Le vice-président de Medef International et du groupe Vinci a insisté sur le fait que l’opération menée « est très lourde au niveau logistique » et que « certaines entreprises n’avaient pu être acceptées ». Tout en refusant de divulguer la liste des partants, il a accepté de citer toute une série de secteurs représentés : transport, automobile, « tout ce qui est lié à l’urbanisation et la mobilité, car les villes croissent beaucoup et ont besoin de liaisons », ingénierie, énergie-hydrocarbures, santé-pharmacie-cosmétiques, télécommunications-sécurité, agriculture-agroalimentaire, distribution-grande distribution, « ces derniers secteurs pouvant démarrer vite en fonction des besoins de consommation de la population ». De façon générale, « les domaines liés à l’humanitaire, comme l’agroalimentaire et la santé, sont moins touchés par les sanctions que d’autres », a-t-il rappelé.
Graine de Pastel et Altereo, deux PME déjà actives
C’est ainsi que la société Graine de Pastel est entrée sur le marché des cosmétiques en juin. « Notre directeur Export, ancien chef de la zone Moyen-Orient pour un groupe pendant dix ans, avait identifié les trois distributeurs capables de développer la marque. Nous en avons choisi un, qui travaille déjà pour Guerlain et est bien implanté dans la zone », a relaté Carole Garcia (notre photo), cofondatrice en 2003 et présidente de cette société de cosmétiques avec des propriétés médicinales, réalisés à partir de plantes cultivées dans un champ de la région toulousaine. Graine de Pastel, qui a connu une croissance globale de ses ventes de 70 % en 2014, envisage de porter son taux d’export à 50 % en 2018. Pour Carole Garcia, l’Iran est une opportunité, car « il s’agit du septième pays au monde pour la consommation de cosmétiques », un pays où « les 38 millions de femmes soignent leur beauté, passant plus d’une heure par jour devant leur miroir ».
La PME toulousaine profitera de la mission de Medef International pour approfondir sa connaissance du marché. Tout comme Altereo, un spécialiste des réseaux d’eau potable et d’assainissement et, plus particulièrement, des études et des systèmes de cartographie. L’entreprise, dont un responsable est iranien, « a déjà identifié des partenaires », a indiqué le président de cette société de 150 salariés à Venelles (Aix-en-Provence), Christian Laplaud, également à la tête du Comité stratégique des éco-industries, créé en juillet 2008 par les ministres en charge du développement durable et de l’industrie, et vice-président du pôle de compétitivité à vocation mondiale Eau.

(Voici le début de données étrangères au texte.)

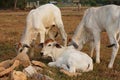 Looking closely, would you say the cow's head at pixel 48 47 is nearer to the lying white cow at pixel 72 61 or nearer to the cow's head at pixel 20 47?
→ the lying white cow at pixel 72 61

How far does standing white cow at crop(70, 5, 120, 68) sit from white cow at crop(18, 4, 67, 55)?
1418 mm

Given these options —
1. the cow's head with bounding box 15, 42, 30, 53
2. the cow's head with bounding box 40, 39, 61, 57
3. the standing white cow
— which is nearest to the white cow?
the cow's head with bounding box 15, 42, 30, 53

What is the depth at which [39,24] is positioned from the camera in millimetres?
12336

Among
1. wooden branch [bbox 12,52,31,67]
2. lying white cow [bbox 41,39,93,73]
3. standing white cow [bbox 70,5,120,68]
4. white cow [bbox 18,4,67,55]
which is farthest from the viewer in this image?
white cow [bbox 18,4,67,55]

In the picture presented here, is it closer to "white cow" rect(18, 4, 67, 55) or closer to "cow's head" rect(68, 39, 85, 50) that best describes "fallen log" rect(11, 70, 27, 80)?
"white cow" rect(18, 4, 67, 55)

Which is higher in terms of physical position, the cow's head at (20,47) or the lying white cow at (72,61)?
the lying white cow at (72,61)

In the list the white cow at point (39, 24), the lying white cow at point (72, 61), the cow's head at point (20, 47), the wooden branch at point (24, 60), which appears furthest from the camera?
the white cow at point (39, 24)

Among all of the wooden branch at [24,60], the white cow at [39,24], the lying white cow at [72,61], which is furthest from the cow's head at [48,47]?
the white cow at [39,24]

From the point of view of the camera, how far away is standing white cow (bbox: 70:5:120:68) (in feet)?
34.4

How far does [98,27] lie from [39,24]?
227 centimetres

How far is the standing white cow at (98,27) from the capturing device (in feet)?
34.4

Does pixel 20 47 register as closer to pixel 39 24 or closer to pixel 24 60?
pixel 39 24

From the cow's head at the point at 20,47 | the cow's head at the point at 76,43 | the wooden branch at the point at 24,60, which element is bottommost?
the cow's head at the point at 20,47

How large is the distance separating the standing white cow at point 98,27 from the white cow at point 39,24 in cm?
142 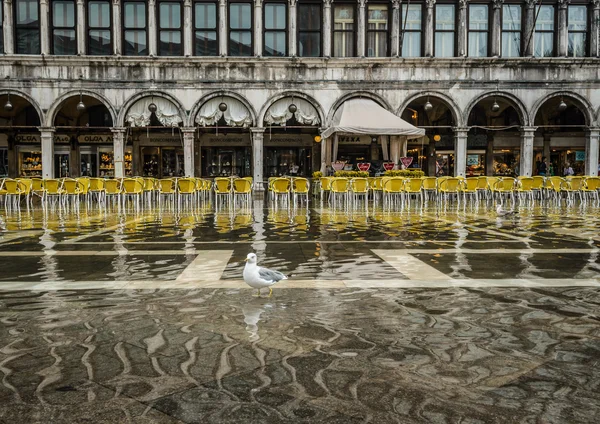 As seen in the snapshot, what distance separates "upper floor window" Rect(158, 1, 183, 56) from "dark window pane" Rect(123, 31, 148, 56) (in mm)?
751

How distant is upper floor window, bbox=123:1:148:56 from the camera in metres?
25.5

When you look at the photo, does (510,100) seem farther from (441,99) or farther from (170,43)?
(170,43)

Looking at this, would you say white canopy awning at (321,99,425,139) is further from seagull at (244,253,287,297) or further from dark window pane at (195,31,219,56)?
seagull at (244,253,287,297)

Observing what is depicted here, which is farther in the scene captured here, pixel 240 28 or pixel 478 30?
pixel 478 30

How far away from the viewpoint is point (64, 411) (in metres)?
2.54

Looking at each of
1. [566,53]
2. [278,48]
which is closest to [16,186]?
[278,48]

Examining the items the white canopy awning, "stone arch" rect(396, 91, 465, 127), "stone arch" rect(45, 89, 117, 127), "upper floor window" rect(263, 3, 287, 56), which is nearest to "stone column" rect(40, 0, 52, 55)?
"stone arch" rect(45, 89, 117, 127)

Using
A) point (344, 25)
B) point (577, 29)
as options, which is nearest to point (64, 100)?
point (344, 25)

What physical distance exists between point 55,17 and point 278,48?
33.6 feet

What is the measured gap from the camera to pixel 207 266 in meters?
6.52

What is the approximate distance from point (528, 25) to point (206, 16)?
15.0 m

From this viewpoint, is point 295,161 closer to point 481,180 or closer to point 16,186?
point 481,180

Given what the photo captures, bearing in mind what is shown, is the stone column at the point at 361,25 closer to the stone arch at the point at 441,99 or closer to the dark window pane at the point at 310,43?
the dark window pane at the point at 310,43

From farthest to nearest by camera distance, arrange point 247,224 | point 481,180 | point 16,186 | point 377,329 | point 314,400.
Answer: point 481,180, point 16,186, point 247,224, point 377,329, point 314,400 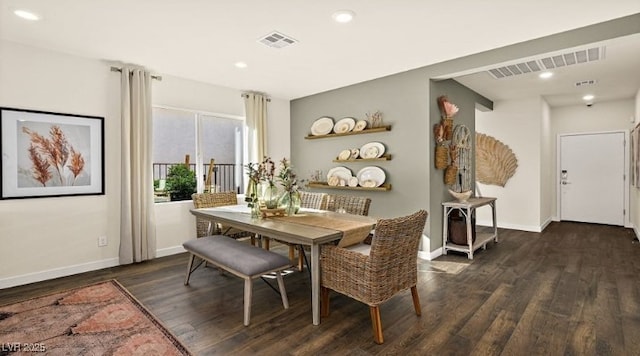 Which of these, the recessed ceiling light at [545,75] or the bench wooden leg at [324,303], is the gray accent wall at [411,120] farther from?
the bench wooden leg at [324,303]

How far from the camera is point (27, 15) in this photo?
267 cm

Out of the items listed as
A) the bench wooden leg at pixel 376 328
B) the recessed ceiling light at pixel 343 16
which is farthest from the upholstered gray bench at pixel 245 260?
the recessed ceiling light at pixel 343 16

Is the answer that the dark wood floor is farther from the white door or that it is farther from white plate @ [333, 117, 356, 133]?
the white door

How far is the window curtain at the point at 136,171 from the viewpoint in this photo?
388 cm

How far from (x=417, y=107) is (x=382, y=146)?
0.69m

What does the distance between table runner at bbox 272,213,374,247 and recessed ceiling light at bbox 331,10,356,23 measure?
174 centimetres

Une mission autrichienne, une concurrence allemande, turque…
De façon concrète, la délégation de Medef International s’envolera vers Téhéran le dimanche 20 septembre à 9 heures. Arrivée prévue en début d’après-midi. L’ambassadeur de France, Bruno Foucher, doit recevoir la délégation le soir même. Lundi 21 septembre, plusieurs opérations vont se succéder : d’abord, une réunion d’informations avec la communauté française sur place (conseillers du commerce extérieur de la France/CCEF, Service économique, etc.), ensuite, un forum d’affaires franco-iranien et, enfin, une série de rendez-vous avec les autorités iraniennes, dont des ministres.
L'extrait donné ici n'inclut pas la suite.